■ What the exercise asks
Only the lines from the one containing "Картридж лазерный Retech" through the end of the records should be retyped, exactly and including both ends; pictures stay out.

↓↓↓

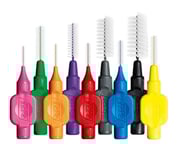 Tepe - Original - 8 St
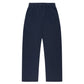 PANAMI OPEN LEG JOGGER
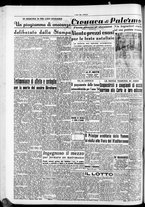 giornale/CFI0418560/1953/Dicembre/93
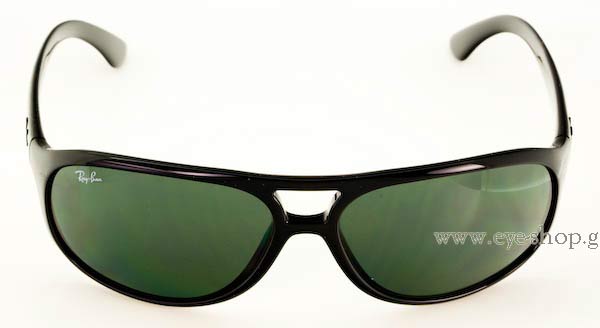 RAYBAN 4124 Γυαλια Ηλιου 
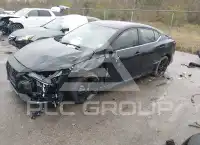 2023 Nissan SENTRA фото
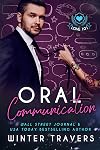 Oral Communication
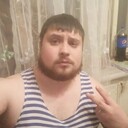 ���������� �������, ���� ������� Nikita, 30 ���, ������������ ��� ������, ����� � ���������, ���������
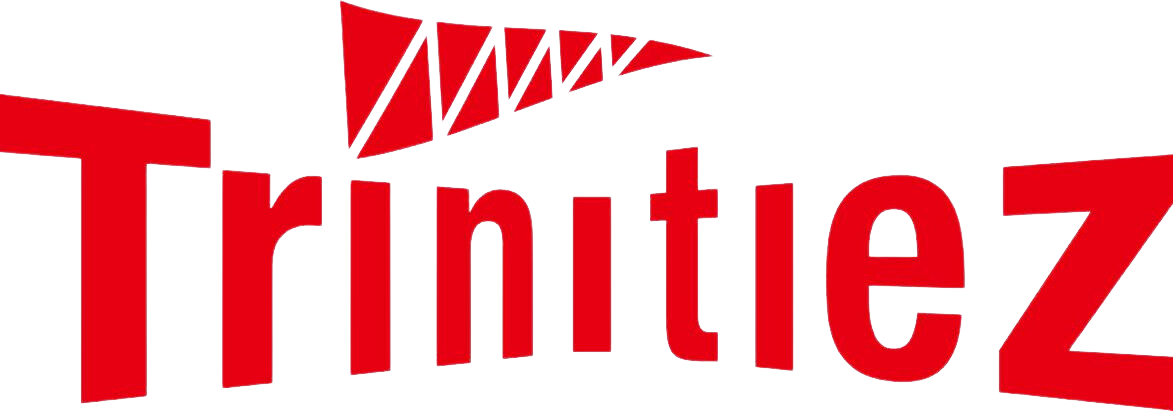 株式会社トリニティーズ Trinitiez,Inc.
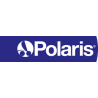 Coffret électrique Astral Pool Polaris 220 mono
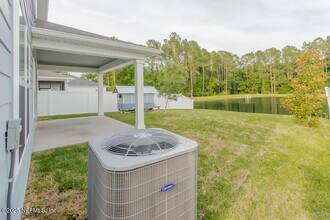 1536 Tan Tara Trl in Jacksonville, FL - Building Photo - Building Photo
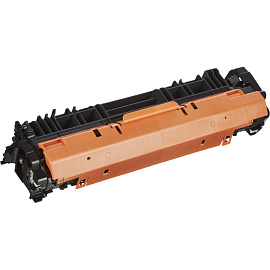 Картридж лазерный Retech 659A W2010A для HP черный совместимый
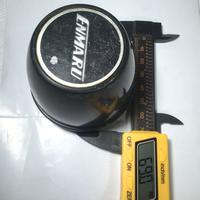 Center Dop ENMARU Diameter Luar 69mm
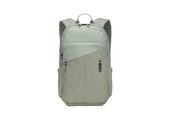 Thule Indago Backpack Plecak 23l - Quiet Green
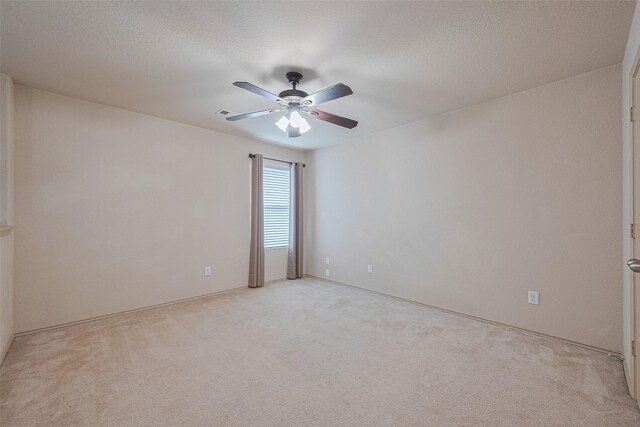 1810 Emerson Ridge Dr, Spring, TX 77388 - photo 25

↑↑↑

■ Written response
 Картридж лазерный Retech 659A W2010A для HP черный совместимый
 Center Dop ENMARU Diameter Luar 69mm
 Thule Indago Backpack Plecak 23l - Quiet Green
 1810 Emerson Ridge Dr, Spring, TX 77388 - photo 25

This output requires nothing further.